■ Task details ■
Exactly the lines from the one containing "Presiden Joko Widodo" through the end of the listing must make up the answer, with no pictures included.

■ Data listing ■

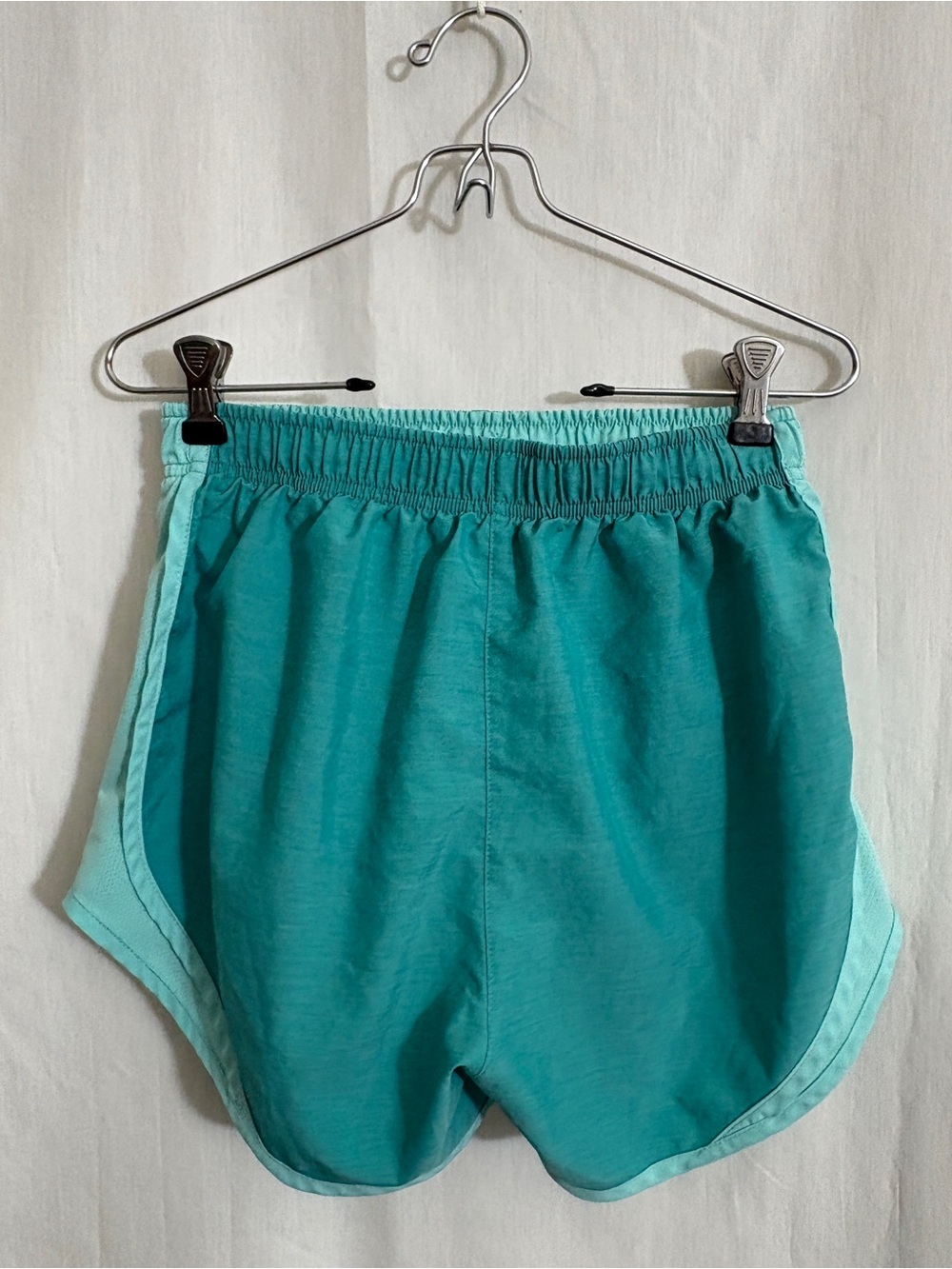 Nike Dri-FIT Tempo Turquoise Running Shorts Women’s Small Teal Athletic - Picture 3 of 4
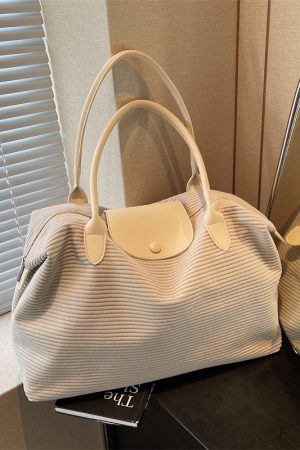 Trendy Large Capacity Commuter Travel Bag for Women - Lightweight Versatile Shoulder Bag for Travel and Maternity 2025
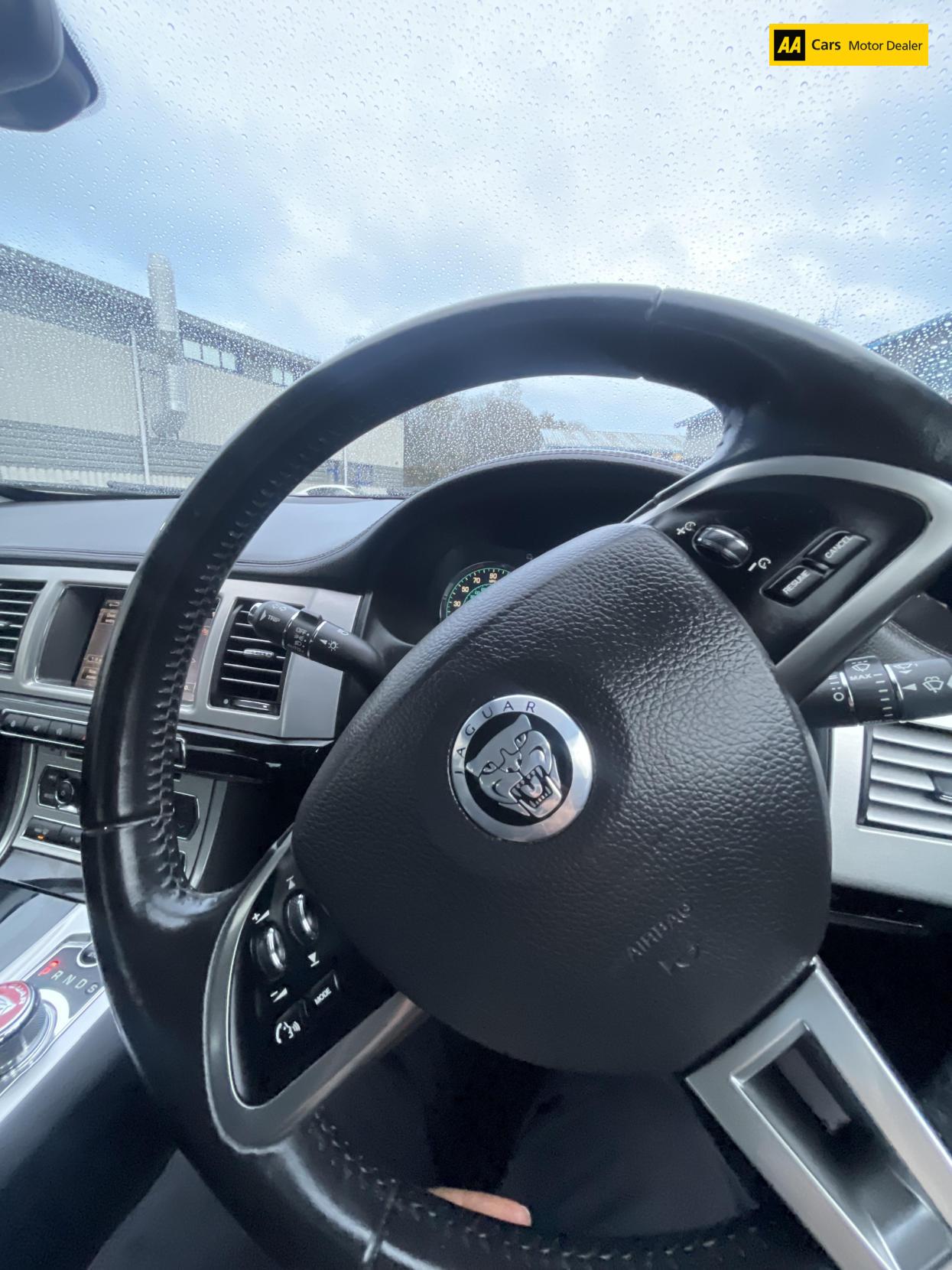 Jaguar XF 2.2d Sport Saloon 4dr Diesel Auto Euro 5 (s/s) (190 ps)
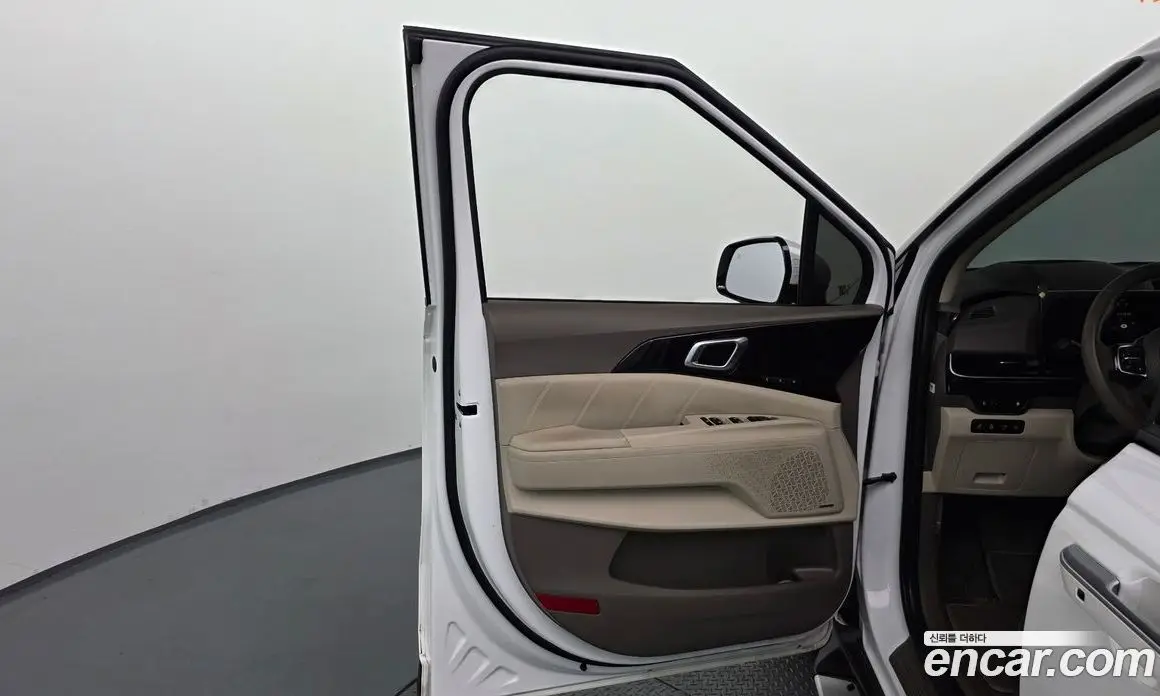 Kia Carnival 2024 2.2 автомат (гидро), фото 14 Kia Carnival 2024 2.2 автомат (гидро), фото 14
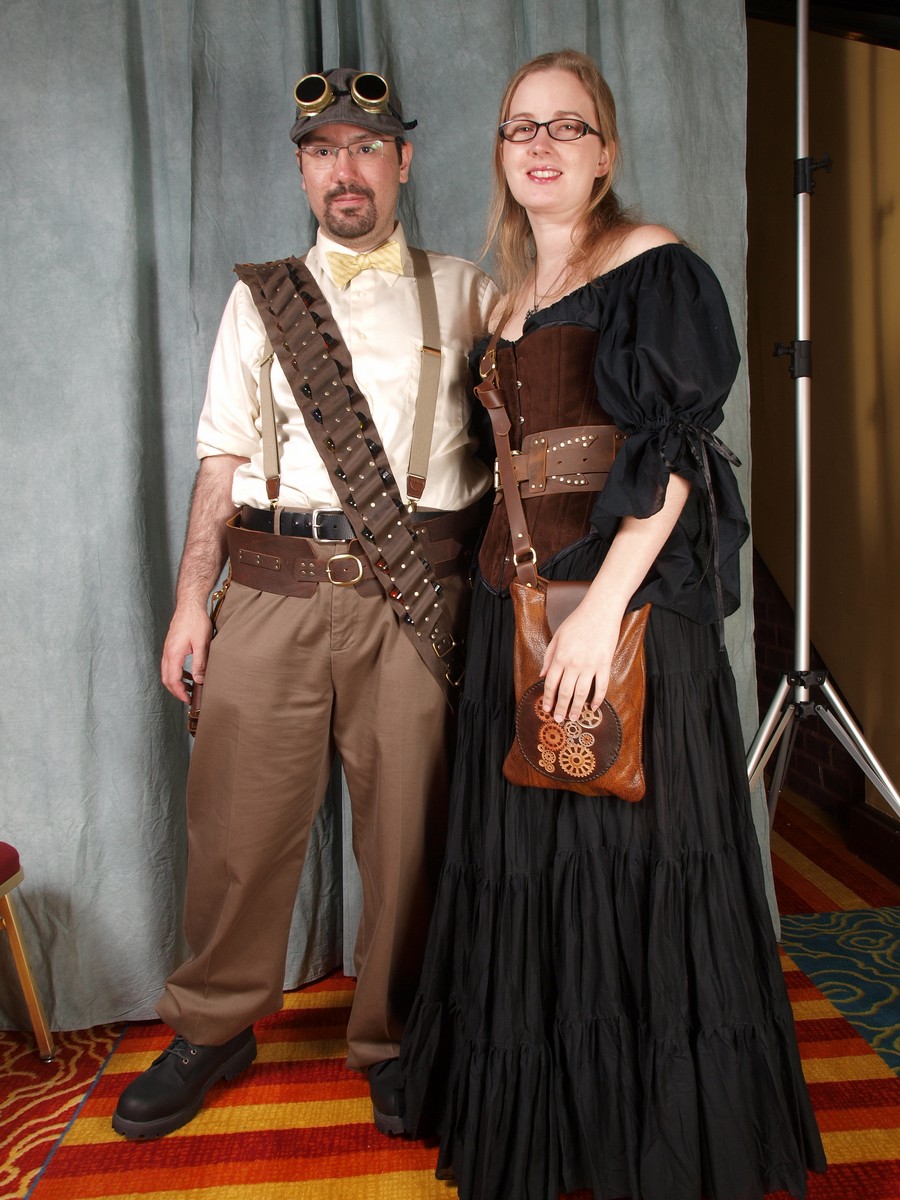 Costume_43 Steampunk Couple.jpg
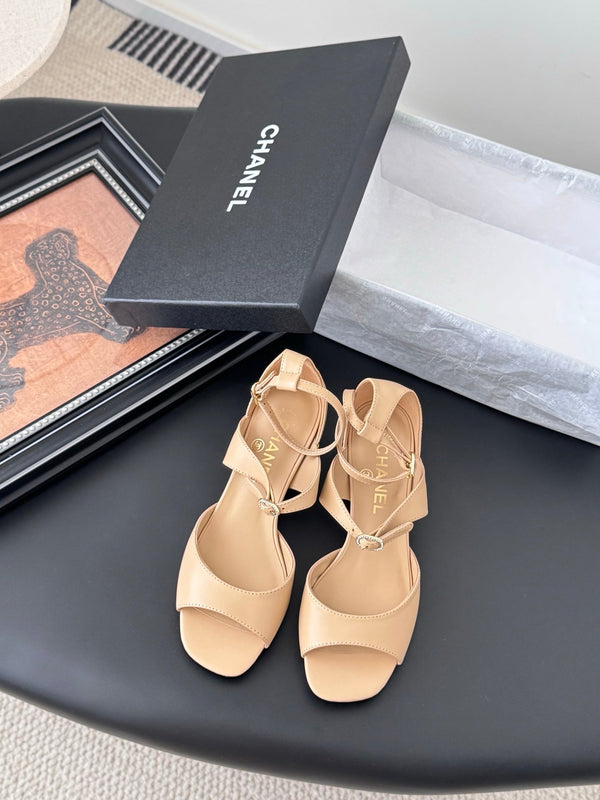 CC 25B Mary Janes 55mm High Heel Beige Sheepskin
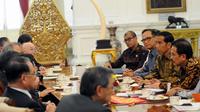 Presiden Joko Widodo menerima delegasi Kamar Dagang dan Industru Jepang (Japan Chamber of Commerce and Industry) di Istana Merdeka (Liputan6.com/Faizal Fanani)
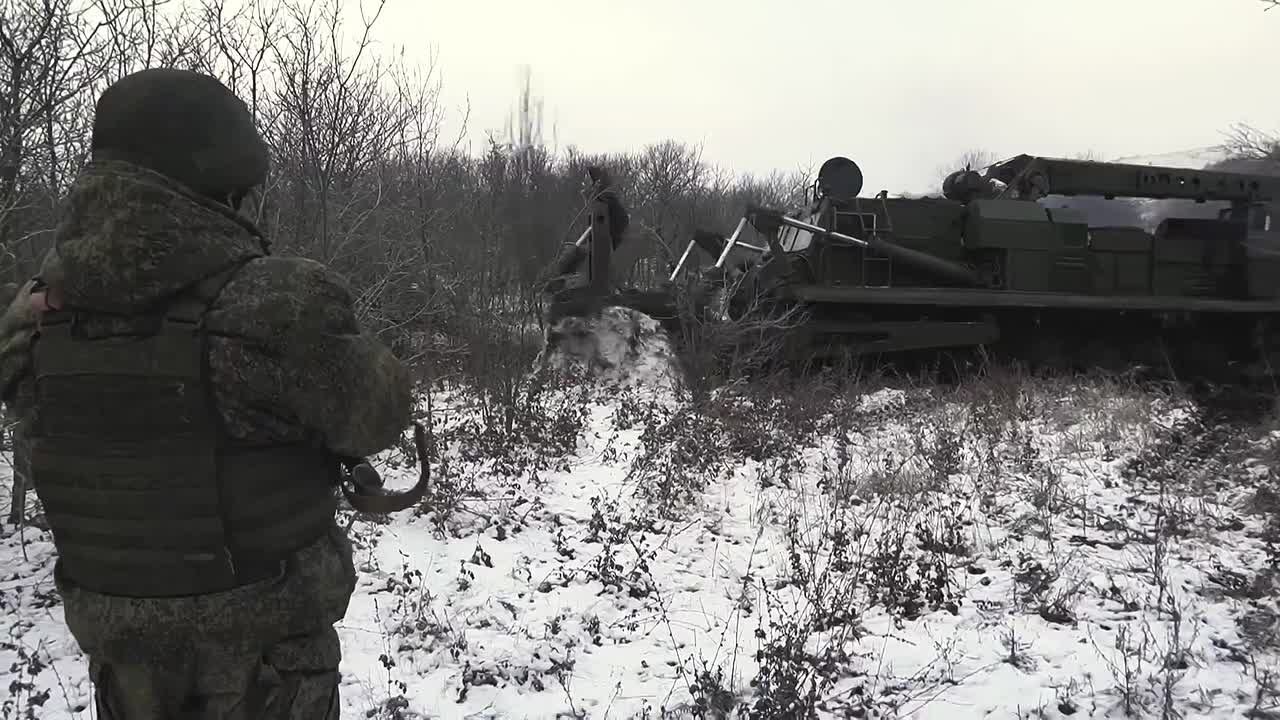 Повышенную выплату для заключивших контракт с Минобороны РФ сохранили в Краснодарском крае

■ Answer section ■
 Presiden Joko Widodo menerima delegasi Kamar Dagang dan Industru Jepang (Japan Chamber of Commerce and Industry) di Istana Merdeka (Liputan6.com/Faizal Fanani)
 Повышенную выплату для заключивших контракт с Минобороны РФ сохранили в Краснодарском крае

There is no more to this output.